Госпожа Галлардин не выносила, когда ее отрывают от любимого дела, всем сердцем ненавидела лесть, но, по единодушным заверениям Жановых осведомителей, обладала единственной слабостью – страстно обожала подарки. Вот и сейчас сердитые морщины на челе госпожи Галлардин разгладились, а по губам скользнула тень улыбки.
– Что ж, раз правила приличия не позволяют… – сказала она и, взяв подарок, торопливо, как обрадованный ребенок, сорвала печать, расправила складки серебристой парчи и с любопытством заглянула внутрь.
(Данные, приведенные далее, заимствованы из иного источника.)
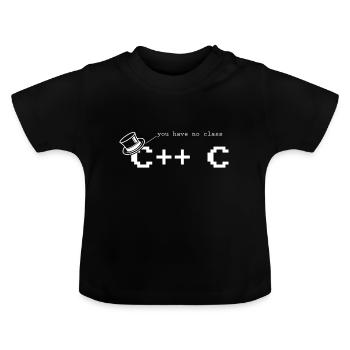 You Have No Class Für Software Entwickler - Baby Bio-T-Shirt mit Rundhals - Schwarz - Vorne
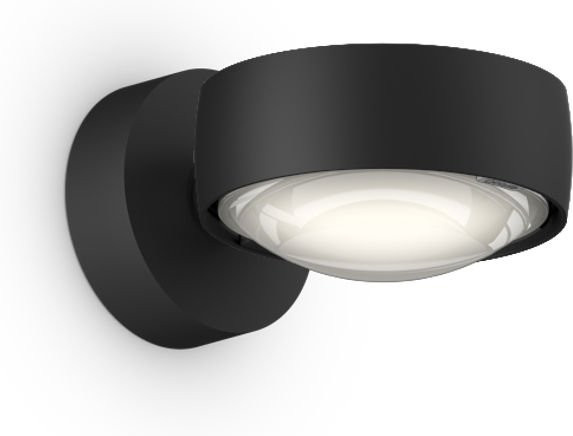 Occhio Sento E verticale up LED-Wandleuchte in Schwarz matt mit 26 W und warmweißem Licht (2700K) - Bild 1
В мешочке оказалась прямоугольная бутылочка с бронзовой пробкой, наполненная молочно-белой жидкостью. Госпожа Галлардин, прочитав наклейку, изумленно выдохнула:
– Аустерсалинская белосливовица! О Двенадцать богов, кто же вам это присоветовал?
Ликеры и бренди, купированные в Тал-Верраре, славились на весь свет. Наилучшие сорта бренди – в данном случае несравненный аустерсалинский, производимый в Эмберлене, – смешивали с настойками и вытяжками из редкостных алхимических плодов (а как известно, алхимические белые сливы обладают поистине божественным вкусом), что придавало творениям веррарских виноделов невероятно изысканный вкусовой букет и аромат; один глоток подобного напитка вызывал у знатоков восторженное оцепенение. Бутылочка, вмещавшая не больше двух рюмок аустерсалинской белосливовицы, обошлась Жану в сорок пять соларов.